>>>

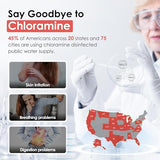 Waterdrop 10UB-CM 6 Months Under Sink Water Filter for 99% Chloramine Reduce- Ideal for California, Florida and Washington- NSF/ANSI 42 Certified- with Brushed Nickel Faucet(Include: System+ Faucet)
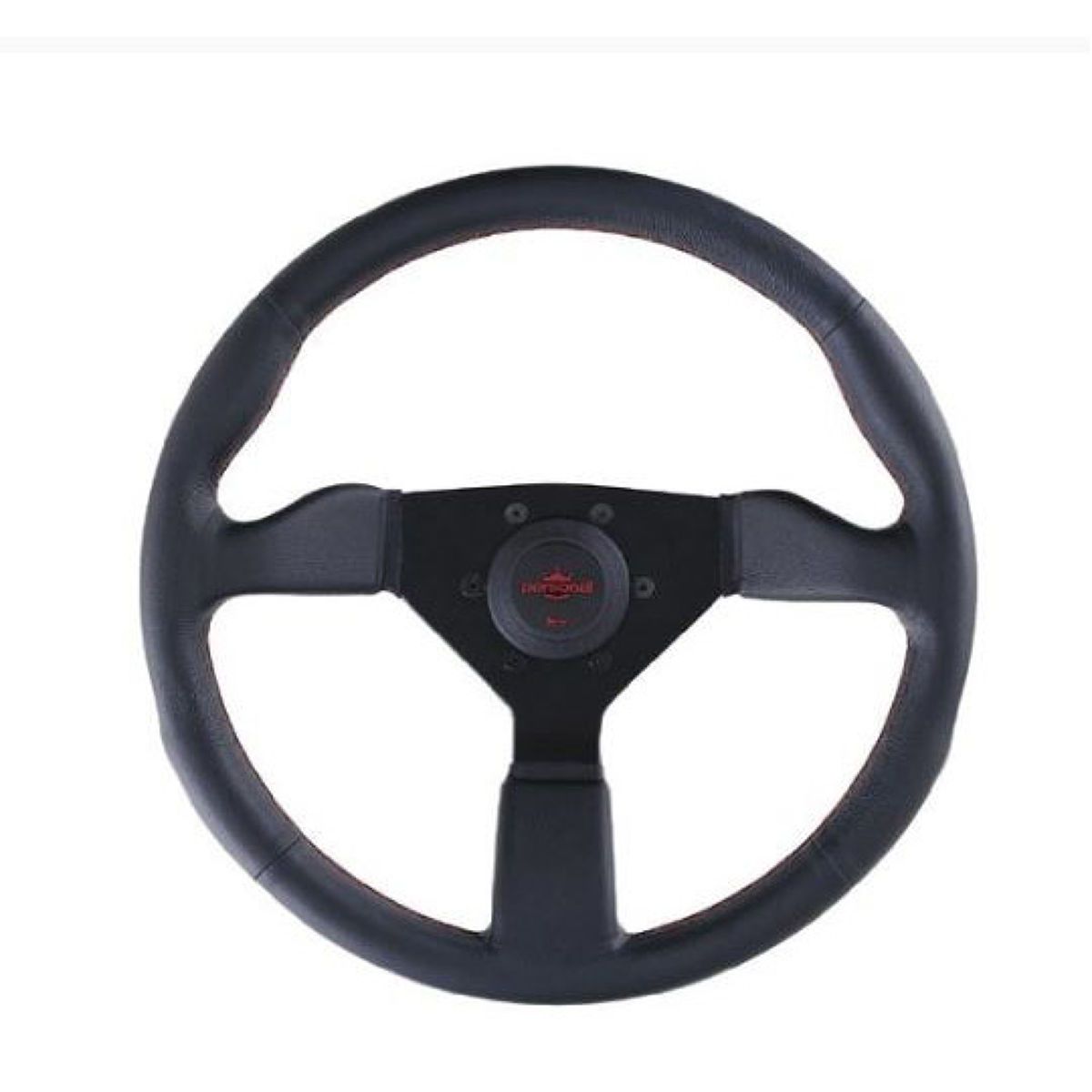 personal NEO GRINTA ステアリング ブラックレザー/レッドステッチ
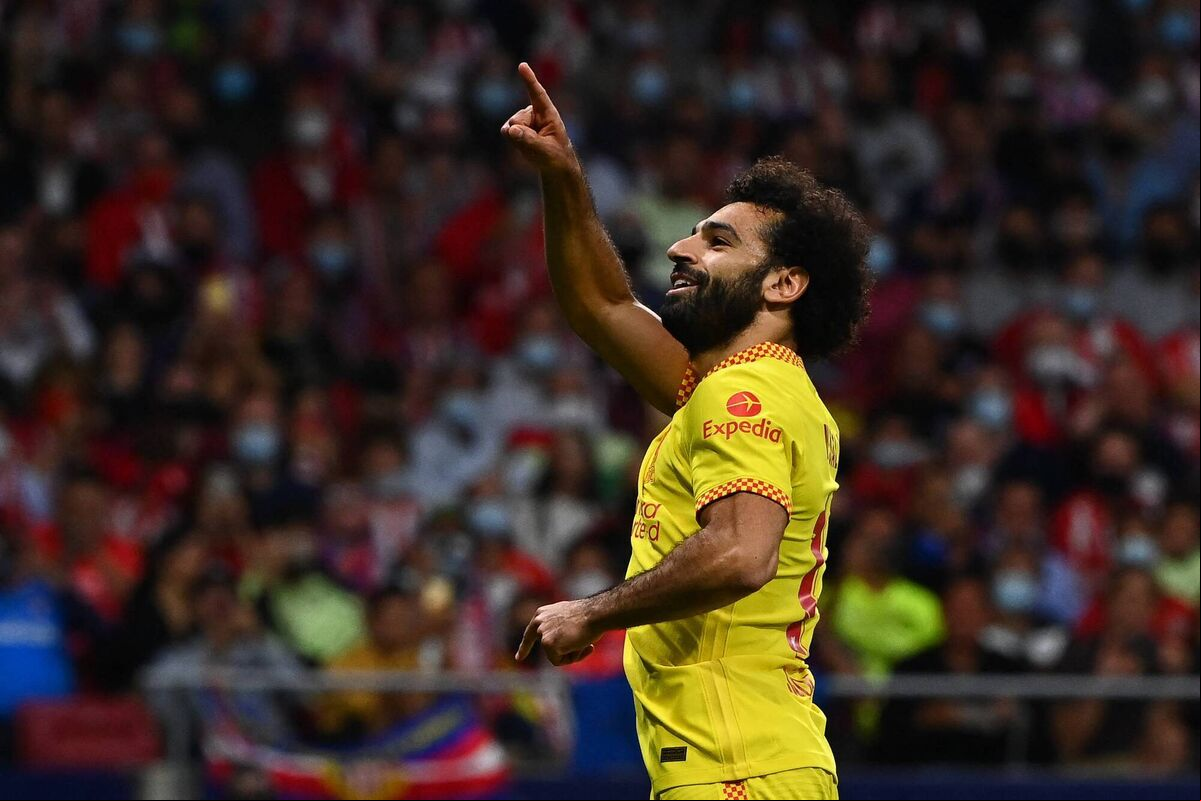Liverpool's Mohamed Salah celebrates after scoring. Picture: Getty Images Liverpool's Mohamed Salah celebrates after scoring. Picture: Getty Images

<<<
>>>

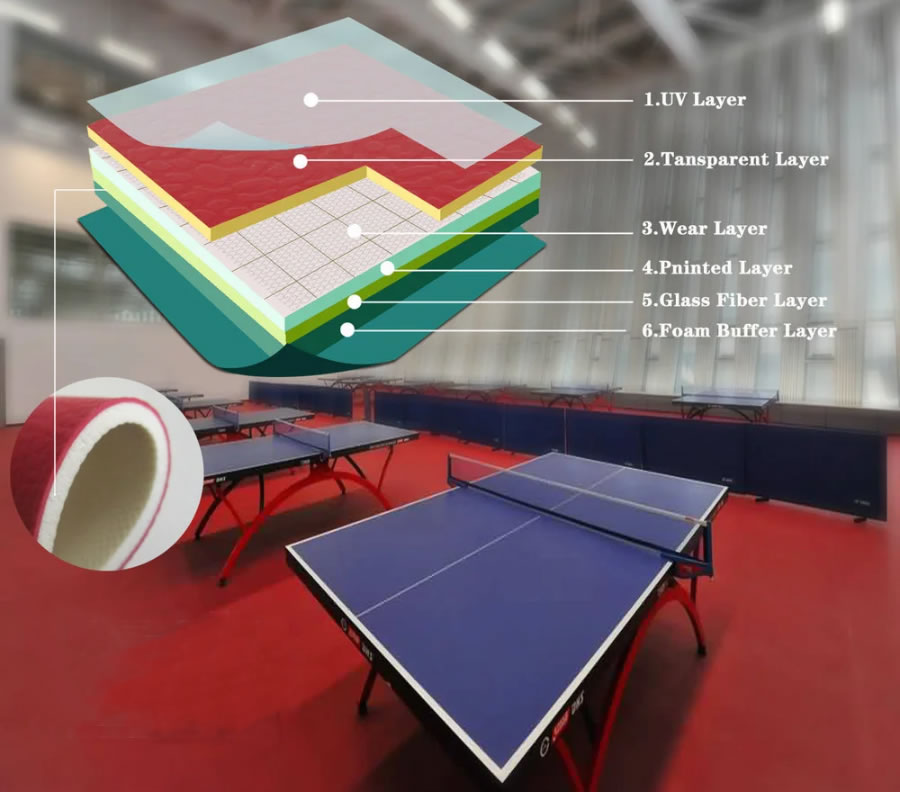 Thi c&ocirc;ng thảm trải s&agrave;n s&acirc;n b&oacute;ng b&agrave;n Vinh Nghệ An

<<<

# [Required action]
Quote word for word only the lines above from the one containing "Waterdrop 10UB-CM 6" through the one containing "Getty Images Liverpool's". Pictures stay out of your copy.

# [Exercise result]
 Waterdrop 10UB-CM 6 Months Under Sink Water Filter for 99% Chloramine Reduce- Ideal for California, Florida and Washington- NSF/ANSI 42 Certified- with Brushed Nickel Faucet(Include: System+ Faucet)
 personal NEO GRINTA ステアリング ブラックレザー/レッドステッチ
Liverpool's Mohamed Salah celebrates after scoring. Picture: Getty Images Liverpool's Mohamed Salah celebrates after scoring. Picture: Getty Images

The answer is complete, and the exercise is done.